エピソード3:エリの事情
「それで、さっきの続きは?」さっそくリラはエリに話の続きをうながした。
「うん。それで時間についてなんだけど……」エリはそう言って話し始めた。「実は死んだ人にはあの世でどれくらい時間が経っているのかわからなくて、生まれかわる時に神様に聞いてはじめてわかるんだって」
「神様!? 神様ってほんとにいるの!? ……って幽霊やオバケがいるならいても不思議じゃないよね」
リラは最初は神様という言葉に驚いたが、すぐに自分で納得した。そして別に気になることがあったのでエリにたずねた。

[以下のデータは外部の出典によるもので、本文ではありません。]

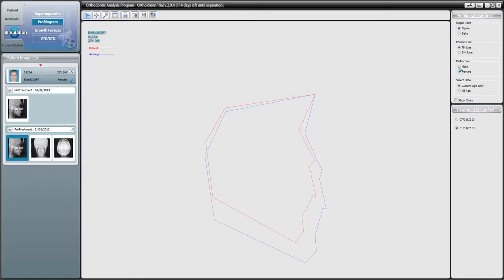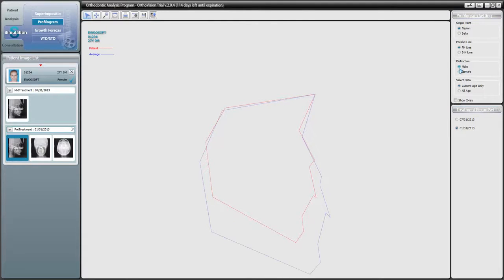Before beginning to analyze this profilogram, make sure you have the correct gender selected under Distinction. As you can see, when you select Male, the average profilogram size increases.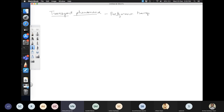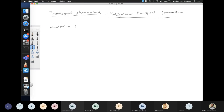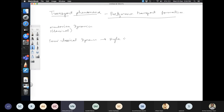The goal of this class is the Boltzmann transport formalism. But before introducing it, let me go over the formalisms you may be familiar with. First, consider Newtonian dynamics, which is completely classical. Then there is semi-classical dynamics, and within semi-classical dynamics you can have a single-electron formalism — a one-particle formalism — where interactions between electrons or electrons and phonons are not considered.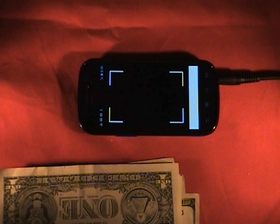And there you have it — Ideal Currency Identifier. Hope you've enjoyed the demo. Thanks for watching.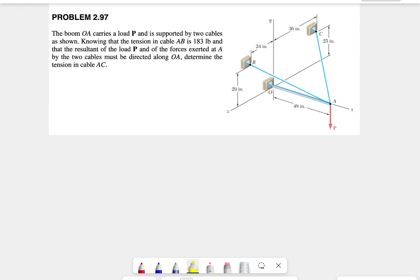Welcome back to the channel. In today's question, we have the boom OA that carries a load P and is supported by two cables AC and AB. We know that the tension in cable AB is 183 pounds and we need to find the tension in cable AC. The condition is that the resultant of force P and the two forces exerted at A must be directed along OA or the x-axis.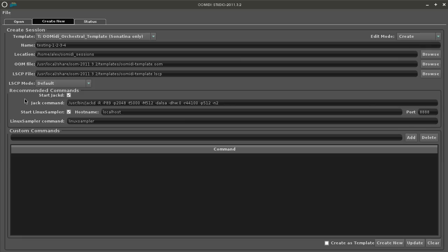Underneath the Linux Sampler command line there is a section called custom commands and it's here that you can add any application that you want and add it to your session.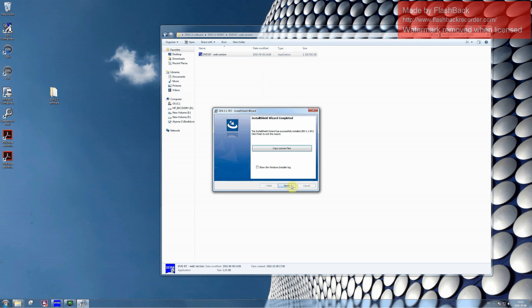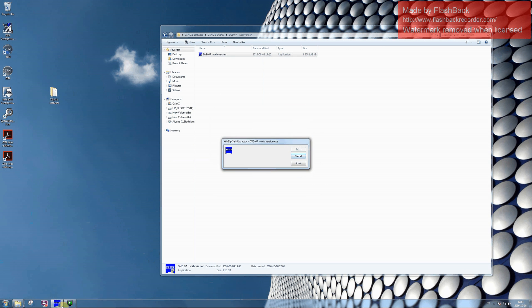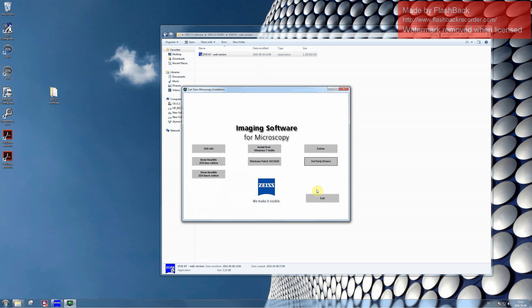And then click on Finish. Proceed to the Installation menu and click on the button Exit.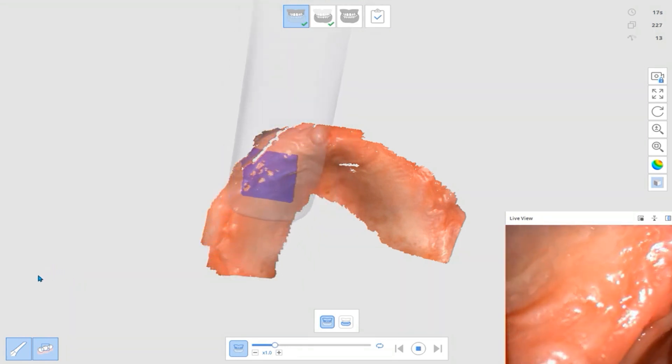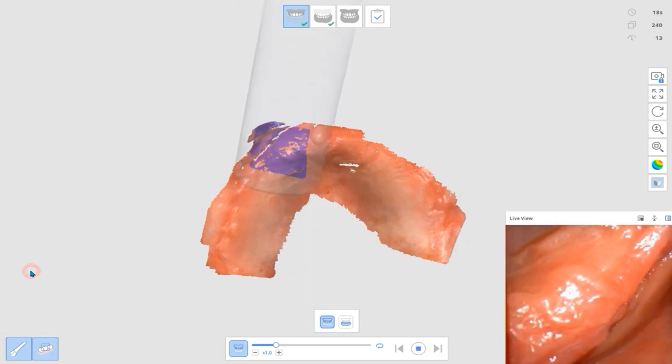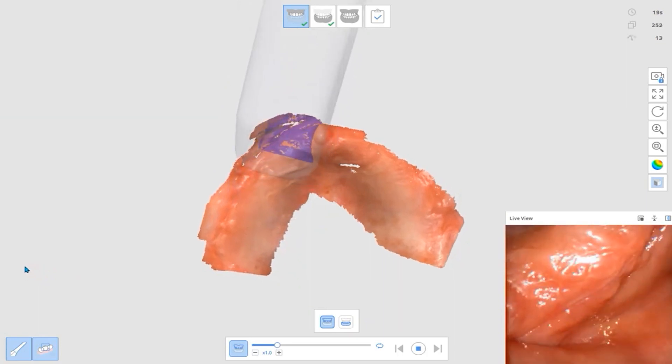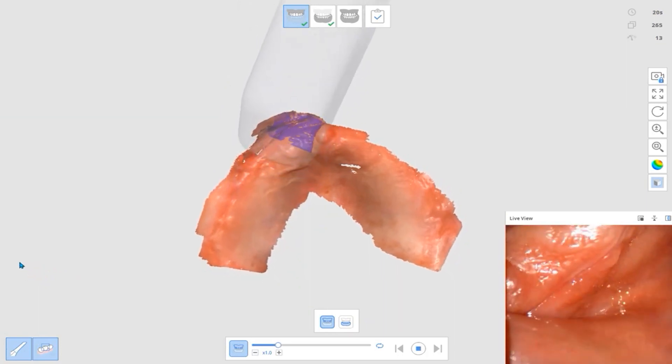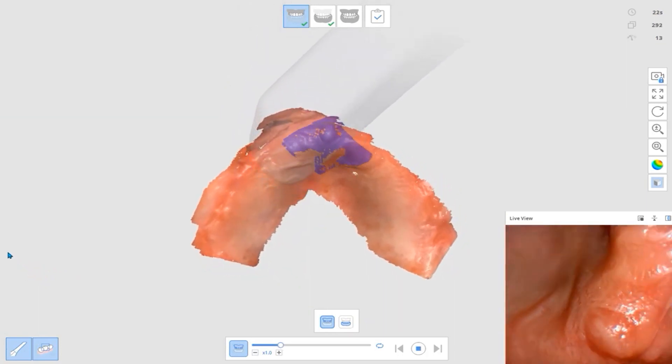Then, move on to the buccal side and make sure to include the vestibule and the frenum.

「それより生まれかわるって言ったけど、そんなことほんとにあるの?」
「ほんとうかどうかはわたしにもわかんない。ただ長い長い時間をかけて、生きていたころの記憶を洗い流していって、さっきのオバケよりももっともっと丸く、ほのかに光る玉になると生まれかわれるっていう話」
「へぇー、じゃさっきのオバケはもうすこしなんだ」
「そうなるね。あとこの世の時間なら神様に聞かなくてもわかるんだよ。といっても同じようなやり方だけど」
「あ!」同じような方法というヒントをもとにリラはすぐさまその方法がわかり、声をあげた。「他のひとに聞くんでしょ。自分よりあとに来たひとに聞けば、覚えてればだけど、自分のと計算できるから。でも、いつ死んだの? なんて聞けるもんなの?」
「そのへんはさすがに聞く人を選ぶよ。とくに若いひとには聞きづらいみたいね。あとは見た感じで『ああ、このひとには聞いちゃダメだな』とか判断するんだって」
「なるほどね」
とリラが感心していうと、なぜだか妙な沈黙が生まれた。しかしリラにはその原因の見当がついていた。ここまでの話からして次は、エリに『エリはいつ死んじゃったの?』とか『覚えてるの?』とか聞いて、どれくらい時間が経っているのか確かめる流れになっている(気がする)からだ。いちおう最近というのは聞けたけれど、具体的な日時にまで踏み込むのは勇気がいるというか遠慮を捨てないといけない。リラは悩んだ。そしてエリにチラッと視線を向けた。ところが、リラがそうやって悩んでいるとなりで、当の本人は聞いてほしげな視線を何度も送っているのだ。それがよけいにリラをもんもんとさせた。沈黙が破られぬまま少し歩いたところで、とうとうリラは口を開いた。
「ねえ、エリ」
「なに?」待ってましたと言わんばかりにエリは食い気味で返事をした。
「エリって、そのいつ死んじゃったのか覚えてるの?」予想以上の食いつきに戸惑いつつ、リラは思い切って聞いた。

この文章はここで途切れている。